**PROBLEM DETAILS:** In the records that follow, the lines from the one containing "Alpaca vintage sweater" to the one containing "2023 Feels Like", inclusive, are to be given again exactly.

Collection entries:
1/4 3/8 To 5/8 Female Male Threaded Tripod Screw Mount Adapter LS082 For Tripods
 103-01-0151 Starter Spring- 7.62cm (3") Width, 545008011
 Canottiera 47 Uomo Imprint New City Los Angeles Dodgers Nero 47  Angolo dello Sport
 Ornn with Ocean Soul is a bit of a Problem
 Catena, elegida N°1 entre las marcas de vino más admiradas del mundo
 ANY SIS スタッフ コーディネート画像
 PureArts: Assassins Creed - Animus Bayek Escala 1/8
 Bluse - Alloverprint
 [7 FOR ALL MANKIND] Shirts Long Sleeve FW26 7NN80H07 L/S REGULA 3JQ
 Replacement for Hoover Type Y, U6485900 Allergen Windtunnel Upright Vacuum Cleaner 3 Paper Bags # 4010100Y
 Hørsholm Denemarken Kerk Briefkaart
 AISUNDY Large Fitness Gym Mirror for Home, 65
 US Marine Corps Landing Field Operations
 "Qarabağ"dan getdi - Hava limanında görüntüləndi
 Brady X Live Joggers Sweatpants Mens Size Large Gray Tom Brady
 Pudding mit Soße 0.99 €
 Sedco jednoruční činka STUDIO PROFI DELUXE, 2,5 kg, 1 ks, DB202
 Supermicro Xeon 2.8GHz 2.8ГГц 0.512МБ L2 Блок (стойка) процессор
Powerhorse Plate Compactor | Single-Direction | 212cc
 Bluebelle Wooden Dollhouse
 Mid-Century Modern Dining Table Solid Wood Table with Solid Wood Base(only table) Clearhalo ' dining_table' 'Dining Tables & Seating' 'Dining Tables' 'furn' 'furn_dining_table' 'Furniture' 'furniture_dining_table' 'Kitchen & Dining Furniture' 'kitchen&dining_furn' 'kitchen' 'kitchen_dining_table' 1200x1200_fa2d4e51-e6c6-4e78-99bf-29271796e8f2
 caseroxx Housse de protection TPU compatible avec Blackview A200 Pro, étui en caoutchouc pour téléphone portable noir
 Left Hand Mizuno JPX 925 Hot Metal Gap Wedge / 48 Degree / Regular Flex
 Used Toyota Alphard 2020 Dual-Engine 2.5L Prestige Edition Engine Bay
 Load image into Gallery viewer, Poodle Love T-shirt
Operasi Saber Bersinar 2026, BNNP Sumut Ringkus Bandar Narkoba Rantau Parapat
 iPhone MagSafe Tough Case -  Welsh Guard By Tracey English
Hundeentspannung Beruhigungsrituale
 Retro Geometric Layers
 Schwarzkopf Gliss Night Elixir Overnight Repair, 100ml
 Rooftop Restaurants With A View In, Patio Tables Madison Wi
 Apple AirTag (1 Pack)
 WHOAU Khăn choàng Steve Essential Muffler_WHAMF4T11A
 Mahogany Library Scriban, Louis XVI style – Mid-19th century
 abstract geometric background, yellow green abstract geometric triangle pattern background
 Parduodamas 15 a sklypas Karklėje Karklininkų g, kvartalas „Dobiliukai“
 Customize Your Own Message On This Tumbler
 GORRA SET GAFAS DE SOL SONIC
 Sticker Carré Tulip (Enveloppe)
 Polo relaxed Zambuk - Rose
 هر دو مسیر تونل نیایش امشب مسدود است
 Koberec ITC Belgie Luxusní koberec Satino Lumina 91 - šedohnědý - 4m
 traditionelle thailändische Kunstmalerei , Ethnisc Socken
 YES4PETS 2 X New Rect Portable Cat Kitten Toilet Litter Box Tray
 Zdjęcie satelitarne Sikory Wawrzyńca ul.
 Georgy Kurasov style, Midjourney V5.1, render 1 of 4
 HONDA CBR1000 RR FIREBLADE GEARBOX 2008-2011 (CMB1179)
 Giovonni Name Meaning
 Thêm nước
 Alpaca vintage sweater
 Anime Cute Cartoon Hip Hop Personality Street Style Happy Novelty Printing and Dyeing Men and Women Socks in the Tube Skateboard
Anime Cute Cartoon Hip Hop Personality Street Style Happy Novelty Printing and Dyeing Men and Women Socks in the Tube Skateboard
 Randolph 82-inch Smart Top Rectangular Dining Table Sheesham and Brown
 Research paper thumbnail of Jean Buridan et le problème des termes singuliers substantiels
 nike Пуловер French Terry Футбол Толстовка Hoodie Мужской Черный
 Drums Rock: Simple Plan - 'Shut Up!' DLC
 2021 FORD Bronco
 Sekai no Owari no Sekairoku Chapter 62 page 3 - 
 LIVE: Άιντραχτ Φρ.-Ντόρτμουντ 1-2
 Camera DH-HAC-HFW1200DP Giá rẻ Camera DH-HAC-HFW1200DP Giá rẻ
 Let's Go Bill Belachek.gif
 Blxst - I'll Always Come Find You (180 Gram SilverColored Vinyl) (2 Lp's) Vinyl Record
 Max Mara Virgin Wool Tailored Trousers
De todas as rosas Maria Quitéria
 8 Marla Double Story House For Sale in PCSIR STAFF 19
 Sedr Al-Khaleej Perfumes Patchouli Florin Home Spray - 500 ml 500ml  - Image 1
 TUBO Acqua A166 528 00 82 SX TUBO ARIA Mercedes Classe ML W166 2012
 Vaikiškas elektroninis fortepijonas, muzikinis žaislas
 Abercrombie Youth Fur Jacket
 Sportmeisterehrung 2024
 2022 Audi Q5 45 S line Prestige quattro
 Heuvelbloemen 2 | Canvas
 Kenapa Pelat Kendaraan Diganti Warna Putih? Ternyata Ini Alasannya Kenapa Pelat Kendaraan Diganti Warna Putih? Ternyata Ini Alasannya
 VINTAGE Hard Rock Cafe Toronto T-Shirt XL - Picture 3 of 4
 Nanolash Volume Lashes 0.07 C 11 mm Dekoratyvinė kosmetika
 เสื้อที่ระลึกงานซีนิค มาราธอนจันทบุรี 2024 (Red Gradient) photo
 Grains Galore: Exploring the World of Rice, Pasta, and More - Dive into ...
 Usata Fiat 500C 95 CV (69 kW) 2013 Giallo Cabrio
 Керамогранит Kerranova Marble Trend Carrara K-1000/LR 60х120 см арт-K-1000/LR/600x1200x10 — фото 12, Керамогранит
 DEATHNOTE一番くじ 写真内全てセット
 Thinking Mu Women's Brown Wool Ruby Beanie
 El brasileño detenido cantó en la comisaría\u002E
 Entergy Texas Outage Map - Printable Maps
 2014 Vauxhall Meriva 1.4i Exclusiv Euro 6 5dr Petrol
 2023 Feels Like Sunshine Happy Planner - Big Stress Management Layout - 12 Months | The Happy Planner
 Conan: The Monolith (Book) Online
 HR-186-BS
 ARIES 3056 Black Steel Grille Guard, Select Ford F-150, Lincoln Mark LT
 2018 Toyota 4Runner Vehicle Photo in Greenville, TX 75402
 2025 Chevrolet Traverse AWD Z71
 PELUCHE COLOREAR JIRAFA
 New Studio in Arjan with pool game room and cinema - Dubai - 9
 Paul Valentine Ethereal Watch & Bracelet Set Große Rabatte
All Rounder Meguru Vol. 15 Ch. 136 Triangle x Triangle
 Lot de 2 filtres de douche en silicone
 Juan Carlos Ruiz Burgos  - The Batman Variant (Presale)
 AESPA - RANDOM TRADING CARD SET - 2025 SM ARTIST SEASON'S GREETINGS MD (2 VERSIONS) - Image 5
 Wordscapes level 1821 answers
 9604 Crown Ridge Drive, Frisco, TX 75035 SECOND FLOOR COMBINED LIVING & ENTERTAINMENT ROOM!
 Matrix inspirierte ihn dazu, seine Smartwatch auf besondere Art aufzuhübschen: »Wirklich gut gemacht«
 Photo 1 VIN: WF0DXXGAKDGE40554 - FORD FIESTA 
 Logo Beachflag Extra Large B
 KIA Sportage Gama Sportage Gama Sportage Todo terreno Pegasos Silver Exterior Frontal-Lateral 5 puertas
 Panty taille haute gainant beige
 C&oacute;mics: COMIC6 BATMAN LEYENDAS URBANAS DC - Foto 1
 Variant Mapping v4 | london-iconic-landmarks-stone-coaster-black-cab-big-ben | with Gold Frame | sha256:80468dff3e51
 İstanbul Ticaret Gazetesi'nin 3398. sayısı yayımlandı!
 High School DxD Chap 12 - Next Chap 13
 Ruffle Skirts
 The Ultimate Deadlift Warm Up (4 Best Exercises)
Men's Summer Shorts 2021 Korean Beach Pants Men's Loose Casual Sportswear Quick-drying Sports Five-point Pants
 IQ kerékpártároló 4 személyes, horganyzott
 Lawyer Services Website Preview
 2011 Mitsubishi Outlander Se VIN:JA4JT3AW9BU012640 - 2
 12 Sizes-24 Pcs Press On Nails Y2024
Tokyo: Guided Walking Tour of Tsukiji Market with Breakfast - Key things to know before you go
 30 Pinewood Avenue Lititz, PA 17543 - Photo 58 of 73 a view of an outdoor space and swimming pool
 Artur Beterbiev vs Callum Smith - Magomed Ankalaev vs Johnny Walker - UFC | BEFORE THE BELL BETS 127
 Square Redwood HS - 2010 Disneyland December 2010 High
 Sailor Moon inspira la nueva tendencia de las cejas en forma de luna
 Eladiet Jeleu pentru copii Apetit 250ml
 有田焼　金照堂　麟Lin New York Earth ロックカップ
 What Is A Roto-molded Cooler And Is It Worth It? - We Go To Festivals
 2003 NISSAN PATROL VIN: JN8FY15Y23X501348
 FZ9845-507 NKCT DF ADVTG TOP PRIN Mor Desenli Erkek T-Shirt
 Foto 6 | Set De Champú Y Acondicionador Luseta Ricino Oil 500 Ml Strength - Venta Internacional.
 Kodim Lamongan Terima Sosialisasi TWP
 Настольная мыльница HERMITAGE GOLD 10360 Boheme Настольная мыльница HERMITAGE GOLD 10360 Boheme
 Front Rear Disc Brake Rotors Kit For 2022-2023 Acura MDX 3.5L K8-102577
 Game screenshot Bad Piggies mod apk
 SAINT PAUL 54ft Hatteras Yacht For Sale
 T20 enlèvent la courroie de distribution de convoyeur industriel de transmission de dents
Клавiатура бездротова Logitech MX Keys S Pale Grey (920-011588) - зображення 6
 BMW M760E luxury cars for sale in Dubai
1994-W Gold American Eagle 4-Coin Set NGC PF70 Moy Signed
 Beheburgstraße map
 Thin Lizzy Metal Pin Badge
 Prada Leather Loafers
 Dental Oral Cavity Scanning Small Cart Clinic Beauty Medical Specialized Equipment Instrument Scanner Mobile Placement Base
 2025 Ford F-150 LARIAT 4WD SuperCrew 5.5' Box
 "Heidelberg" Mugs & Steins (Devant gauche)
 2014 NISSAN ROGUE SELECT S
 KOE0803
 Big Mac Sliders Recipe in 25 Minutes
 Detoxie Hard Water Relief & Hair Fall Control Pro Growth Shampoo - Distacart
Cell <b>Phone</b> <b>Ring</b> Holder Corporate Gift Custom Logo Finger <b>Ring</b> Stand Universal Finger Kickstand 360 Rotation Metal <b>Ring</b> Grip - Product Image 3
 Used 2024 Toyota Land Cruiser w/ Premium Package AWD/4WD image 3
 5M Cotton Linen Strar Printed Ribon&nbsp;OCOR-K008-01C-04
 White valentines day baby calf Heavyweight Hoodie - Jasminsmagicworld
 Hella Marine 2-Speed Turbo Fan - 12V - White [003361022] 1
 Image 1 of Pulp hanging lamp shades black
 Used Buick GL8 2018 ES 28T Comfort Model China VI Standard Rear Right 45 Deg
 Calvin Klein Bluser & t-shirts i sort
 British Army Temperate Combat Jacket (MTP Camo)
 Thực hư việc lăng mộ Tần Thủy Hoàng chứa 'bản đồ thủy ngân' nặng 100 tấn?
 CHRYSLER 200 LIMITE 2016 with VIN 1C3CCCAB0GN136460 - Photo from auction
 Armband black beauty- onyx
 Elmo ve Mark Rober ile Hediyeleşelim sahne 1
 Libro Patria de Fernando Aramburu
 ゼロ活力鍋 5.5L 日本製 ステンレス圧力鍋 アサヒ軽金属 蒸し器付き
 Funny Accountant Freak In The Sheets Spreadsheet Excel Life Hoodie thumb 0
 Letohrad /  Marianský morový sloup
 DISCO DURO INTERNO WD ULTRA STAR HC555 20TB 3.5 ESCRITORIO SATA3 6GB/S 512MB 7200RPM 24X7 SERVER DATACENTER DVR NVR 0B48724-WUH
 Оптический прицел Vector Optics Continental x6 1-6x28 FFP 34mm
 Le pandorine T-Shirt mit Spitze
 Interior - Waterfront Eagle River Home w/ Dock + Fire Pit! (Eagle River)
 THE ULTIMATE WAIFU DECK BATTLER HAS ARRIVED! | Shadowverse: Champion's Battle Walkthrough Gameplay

**SOLUTION TO THE PROBLEM:**
 Alpaca vintage sweater
 Anime Cute Cartoon Hip Hop Personality Street Style Happy Novelty Printing and Dyeing Men and Women Socks in the Tube Skateboard
Anime Cute Cartoon Hip Hop Personality Street Style Happy Novelty Printing and Dyeing Men and Women Socks in the Tube Skateboard
 Randolph 82-inch Smart Top Rectangular Dining Table Sheesham and Brown
 Research paper thumbnail of Jean Buridan et le problème des termes singuliers substantiels
 nike Пуловер French Terry Футбол Толстовка Hoodie Мужской Черный
 Drums Rock: Simple Plan - 'Shut Up!' DLC
 2021 FORD Bronco
 Sekai no Owari no Sekairoku Chapter 62 page 3 - 
 LIVE: Άιντραχτ Φρ.-Ντόρτμουντ 1-2
 Camera DH-HAC-HFW1200DP Giá rẻ Camera DH-HAC-HFW1200DP Giá rẻ
 Let's Go Bill Belachek.gif
 Blxst - I'll Always Come Find You (180 Gram SilverColored Vinyl) (2 Lp's) Vinyl Record
 Max Mara Virgin Wool Tailored Trousers
De todas as rosas Maria Quitéria
 8 Marla Double Story House For Sale in PCSIR STAFF 19
 Sedr Al-Khaleej Perfumes Patchouli Florin Home Spray - 500 ml 500ml  - Image 1
 TUBO Acqua A166 528 00 82 SX TUBO ARIA Mercedes Classe ML W166 2012
 Vaikiškas elektroninis fortepijonas, muzikinis žaislas
 Abercrombie Youth Fur Jacket
 Sportmeisterehrung 2024
 2022 Audi Q5 45 S line Prestige quattro
 Heuvelbloemen 2 | Canvas
 Kenapa Pelat Kendaraan Diganti Warna Putih? Ternyata Ini Alasannya Kenapa Pelat Kendaraan Diganti Warna Putih? Ternyata Ini Alasannya
 VINTAGE Hard Rock Cafe Toronto T-Shirt XL - Picture 3 of 4
 Nanolash Volume Lashes 0.07 C 11 mm Dekoratyvinė kosmetika
 เสื้อที่ระลึกงานซีนิค มาราธอนจันทบุรี 2024 (Red Gradient) photo
 Grains Galore: Exploring the World of Rice, Pasta, and More - Dive into ...
 Usata Fiat 500C 95 CV (69 kW) 2013 Giallo Cabrio
 Керамогранит Kerranova Marble Trend Carrara K-1000/LR 60х120 см арт-K-1000/LR/600x1200x10 — фото 12, Керамогранит
 DEATHNOTE一番くじ 写真内全てセット
 Thinking Mu Women's Brown Wool Ruby Beanie
 El brasileño detenido cantó en la comisaría\u002E
 Entergy Texas Outage Map - Printable Maps
 2014 Vauxhall Meriva 1.4i Exclusiv Euro 6 5dr Petrol
 2023 Feels Like Sunshine Happy Planner - Big Stress Management Layout - 12 Months | The Happy Planner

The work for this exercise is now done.